PyVisionTeam17 0.0.3

Deep Learning Framework

Deep-Learning-Framework

The Frame work allows us to build deep learning models more easily and quickly, without getting into the details of underlying algorithms. They provide a clear and concise way for defining models using a collection of pre-built and optimized components

important

you must download kaggle json file from you kaggle account and put it in .kaggle folder in your user folder

The Frame Work consits of the following modules

• Data pre-processing Module
• Evaluation Module
• Utils Module
• Visualization Module
• Optimizer Module
• Core Module
• Model Class

Data pre-processing Module

The Module responsible for loading ,transforming and normalizing data.

Evaluation Module

The Module responsible for calculating model accuracy, number of true positives,false positives,true negatives, false negatives,the precision score, recall score, F1 score and buliding the confusion matrix.

Utils Module

The Module responsible for reading and saving models compressed or uncompressed

Visualization Module

The Module responsible for view input samples wether they are RGB or gray scale, plotting the necessary graphs live during training for accuracy and loss calculation, plotting static graphs between any given inputs and outputs and the table of the confusion matrix.

Optimizer Module

The Module responsible for implementing diffrent optimization algorithms: - Adam. - AdaDelta. - AdaGrade. - RMSProp. - Momentum. - vanilla gradient descent.

Core Module

The core of the Frame work responsible for building the neural network and consists of the following submodules.

• Net Module
• Layers
  • Linear
  • CONV
  • LCN -MaxPool -Flatten
• Losses
  • Multinomial_Logistic_Regression
  • MeanSquareLoss
• Activations

Net Module

Defines the neural network (its layers the activation function of each layer and the method for loss calulations).

Layers

Layer is a callable object, where calling performs the forward pass and calculates local gradients.

Linear

A simple fully connected layer.

CONV

It is the first layer to extract features from the input image. Here we define the kernel as the layer parameter. We perform matrix multiplication operations on the input image using the kernel.

LCN

Local Contrast Normalization is a type of normalization that performs local subtraction and division normalizations, enforcing a sort of local competition between adjacent features in a feature map, and between features at the same spatial location in different feature maps.

MaxPool

we perform pooling to reduce the number of parameters and computations. There are different types of pooling operations, the most common ones are max pooling and average pooling.

Flatten

It is used to convert the data into 1D arrays to create a single feature vector. After flattening we forward the data to a fully connected layer for final classification.

Losses

An abstract Module for implementing diffrent losses algorithms.

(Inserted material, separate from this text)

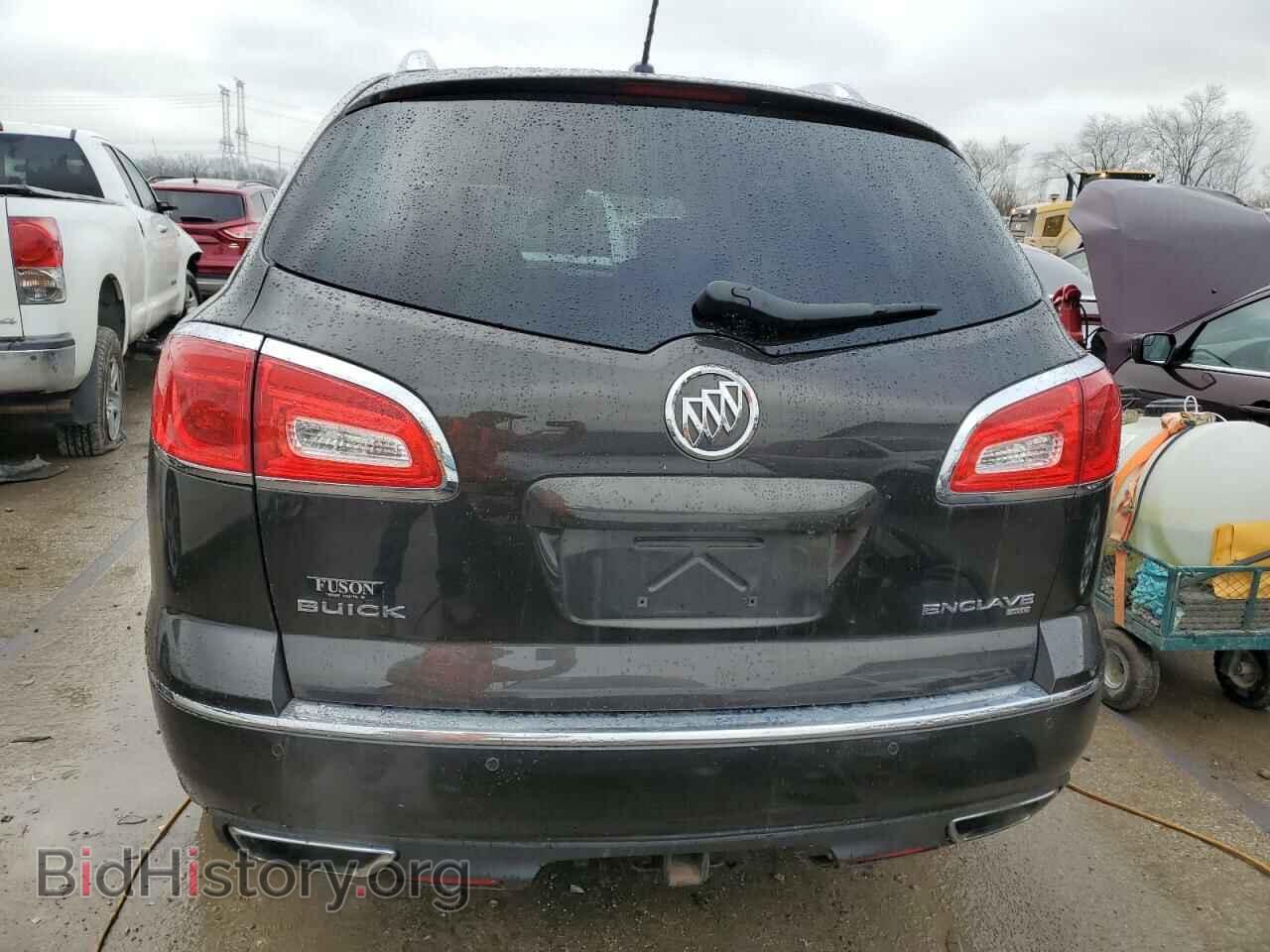2013 BUICK ENCLAVE - VIN: 5GAKVDKD6DJ243489 - Фото 6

Multinomial_Logistic_Regression

A class for implementing Loss calculations and the gradient using Multinomial_Logistic_Regression .

MeanSquareLoss

A class for implementing Loss calculations and the gradient using mean square loss.

Activations

Implementation of diffrent activation functions:

• ReLU
• Leaky ReLU
• Sigmoid
• softmax

Model Class

The module that groups all the framework components together, perform training and evaluation

How to use:

Below is an example for bulding and training a model with a neural network that has two layers with sigmoid activation function, adaDelta optimaization and cross entropy loss.

code sample:

from activations import *

from layer import *

from losses import *

from linear import *

from CNN import *

from net import *

from model import *

from Datamodule import *

from Evaluation import *

from optimizer import *

from Utils import *

from Visualization import *

train,validation,test = load_data()

train_label,validation_label,train_array,validation_array,test_array = transform_data(train,validation,test)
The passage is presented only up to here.